Je suis professeure titulaire au Département d’études françaises de l’Université Concordia, à Montréal. J’enseigne la traduction dans les domaines économique, financier, juridique et littéraire. Pendant mes études supérieures, j’ai travaillé à titre de traductrice à la Financière Manuvie dans le domaine des assurances, lequel a alimenté, par osmose inverse, ma thèse de doctorat sur les théories postmodernes de la traduction.

Il faut croire que la crise financière de 2007-2008 m’a vraiment impressionnée, car j’ai quitté mes axes de recherche en traduction littéraire (voir plus bas) pour me lancer dans l’étude des textes journalistiques qui racontent la finance. En fait, ce sont les étudiants du cours de traduction juridique et commerciale, que je donne depuis mon embauche à Concordia, qui m’ont mise sur cette piste. Confrontés aux textes d’actualité à traduire, ils ont eu l’heur de me demander : « Madame, c’est quoi cette histoire de subprimes… comment ça se traduit? » Quelle excellente question!
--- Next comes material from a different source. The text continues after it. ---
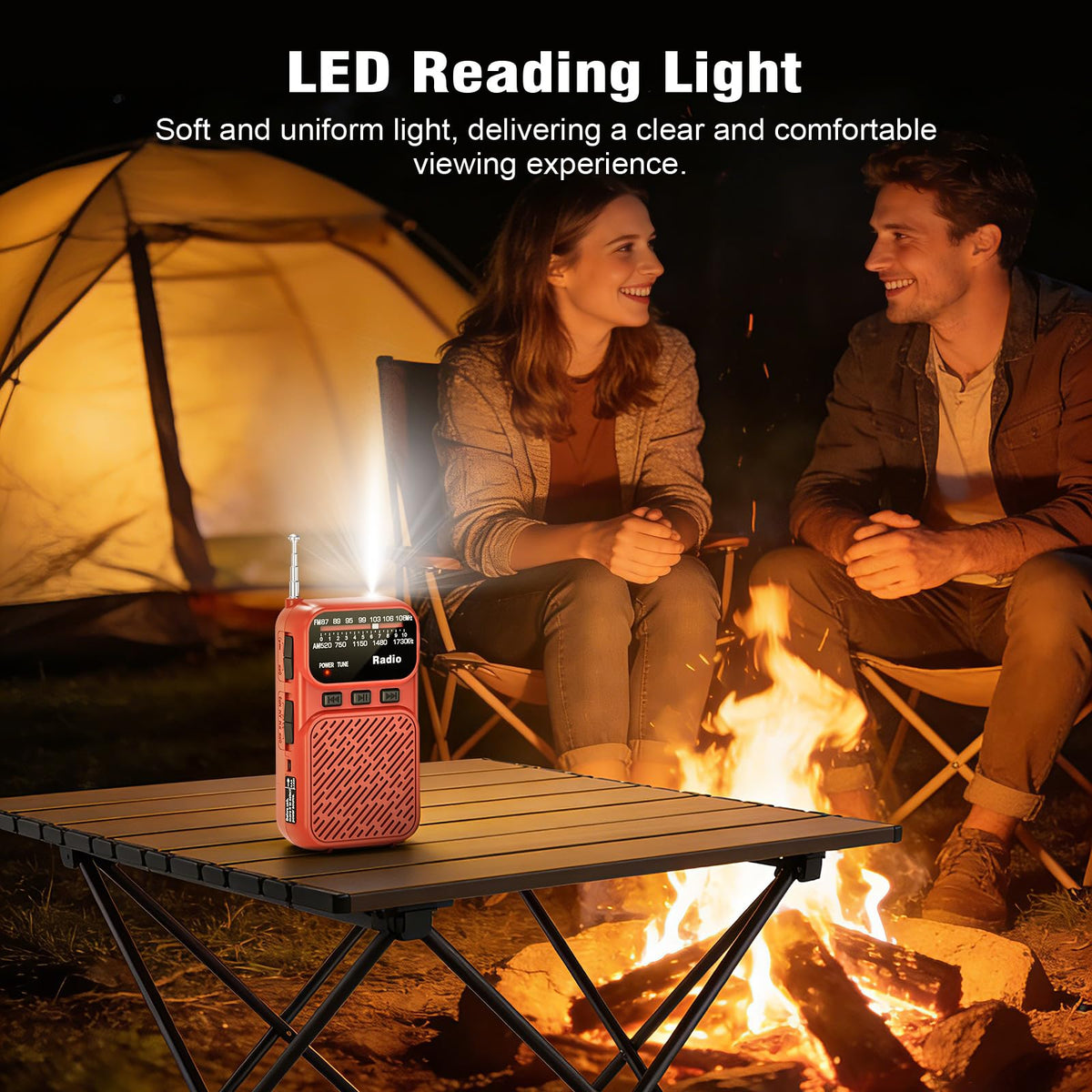 Goodes portable radio flashlight on, providing night-time illumination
Merci de l’avoir posée.

Me voici donc riche d’un projet de recherche qui m’a amenée à créer l’Observatoire du discours financier en traduction avec l’aide inestimable de Figura et du laboratoire NT2. L’Observatoire scrute la presse canadienne généraliste, examinant les manières dont elle présente (et construit) les réalités financières depuis 2001 pour ses publics francophones et anglophones, mais je vous laisse lire l’énoncé d’intention qui fédère les membres de l’équipe.

Avant l’Observatoire, j’ai exploré diverses pistes de recherche en traduction littéraire, fascinée ou peut-être inquiétée par l’idée selon laquelle l’être humain est produit par le langage davantage qu’il ne le produit. C’est Freud qui a dit ça. J’ai publié un article rapprochant la psychanalyse et la traduction littéraire autour d’un même impératif : se mettre à l’écoute du corps de la parole dans le langage.  
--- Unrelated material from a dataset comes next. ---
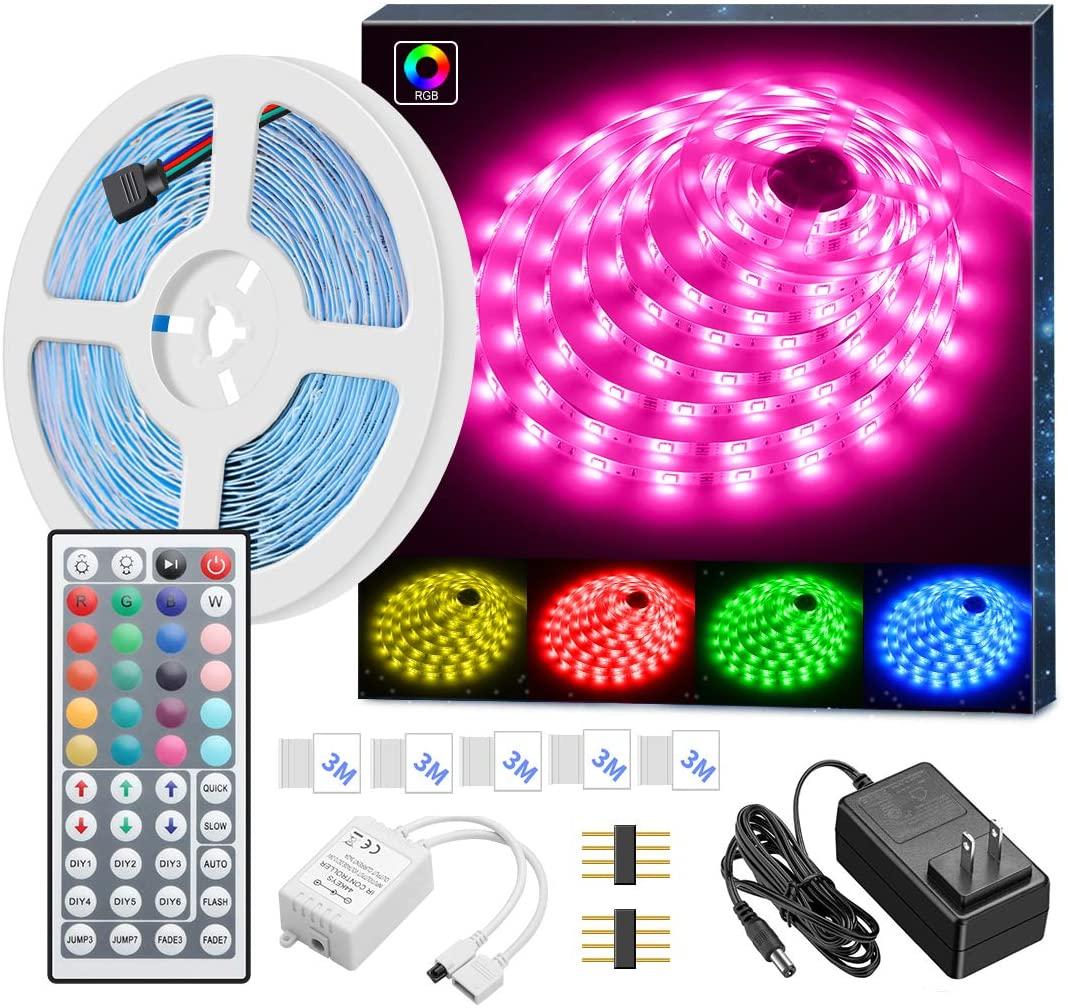 16.4ft Minger RGB LED Lights Strip with 44-key IR Remote for $9.99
Mais avant ça, il y a eu Henri Meschonnic, dont une des idées phares demeure toujours pour moi génératrice de questions, à savoir que la dernière chose qui compte dans le langage, c’est le sens. Il entend par là que la manière de dire est aussi, voire plus, importante que ce qui est dit. Mon enseignement de la traduction littéraire est fondé sur ce théorème. Fait curieux, l’œuvre de ce linguiste, poète, auteur et traducteur pourtant prolifique n’a pas pris racine aux États-Unis. Aussi, je me suis intéressée à ce cas de non-traduction dans un article, mais j’ai préféré joindre le geste à la parole et j’ai traduit un de ses essais vers l’anglais : Ethics and Politics of Translating. Il semble qu’il soit lu dans certains cours de traduction littéraire. Selon d’autres échos, mon texte aurait l’air d’une traduction. Ça tombe bien, c’en est une.  

Une autre traduction qui en est une : De perte en fils, l’histoire d’un Juif ayant immigré à Montréal dans les années 1930 et que j’avais lue dans un cours de littérature canadienne-anglaise au baccalauréat en traduction. Je crois avoir bien cerné ce qui m’avait marquée dans ce roman et que je résume comme suit en quatrième de couverture : « De Juif hassidique à pimp, un personnage qu’il vous plaira de haïr. »

En bref, qu’il s’agisse de lire et traduire des textes financiers ou littéraires, je cherche autant à comprendre ce que les textes disent que ce qu’ils font.